Il était une fois… Nul besoin de résumer le plus célèbre des contes de Charles Perrault tant celui-ci a fait l’objet d’adaptations sous toutes les formes artistiques possibles et imaginables. Est-ce à dire que cette bande dessinée serait celle de trop ? Ce serait totalement sous-estimer le talent de Danijel Zezelj, tant sa création s’affirme avec une force graphique exceptionnelle.
Depuis 1999 avec Rêve de béton, les éditions Mosquito n’ont cessé de publier avec une belle régularité (et autant d’obstination !) les albums de Danijel Zezelj qui est devenu ainsi, au même titre que Sergio Toppi, une des figures emblématiques de leur catalogue.
Affirmer que chez lui l’image, plutôt que le texte ou les dialogues, est l’élément primordial de sa narration est un euphémisme. Avec Industriel puis Babylone, il s’est lancé dans de longs récits muets, succession de vignettes qu’il appartient au lecteur de déchiffrer pour suivre l’intrigue. Maître absolu du noir et blanc et du clair obscur, ses coups de pinceaux vigoureux et précis ne dépeignent jamais un monde très joyeux.
En adaptant le Petit Chaperon rouge, il se surpasse et signe un chef-d’œuvre d’expressivité et de poésie. Rarement la nature n’aura été aussi magnifiée avec ses forêts de sapins, ses plans d’eau, ses marécages et ses montagnes sous des cieux vaguement tourmentés qui confèrent à son adaptation une ambiance parfois sereine et apaisée, parfois inquiétante voire oppressante.

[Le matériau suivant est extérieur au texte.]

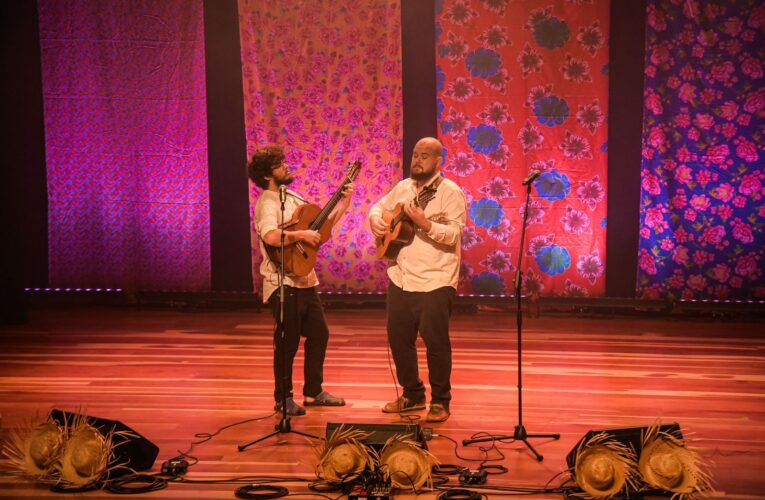 Duo Aduar abre o Lageado Cultural 2026 com show que celebra as raízes da música caipira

Il serait stupide de croire qu’un album sans texte ne mérite peut-être pas l’achat, car sitôt parcouru, sitôt rangé. Mais Chaperon rouge exerce sur un œil attentif une véritable attraction qui vous invite à refaire plusieurs fois le parcours et, à chaque reprise, une case, une vignette a priori abstraite, un détail qui vous aura échappé, viendra enrichir votre lecture. Car, même sans le moindre texte, c’est bien de lecture qu’il s’agit.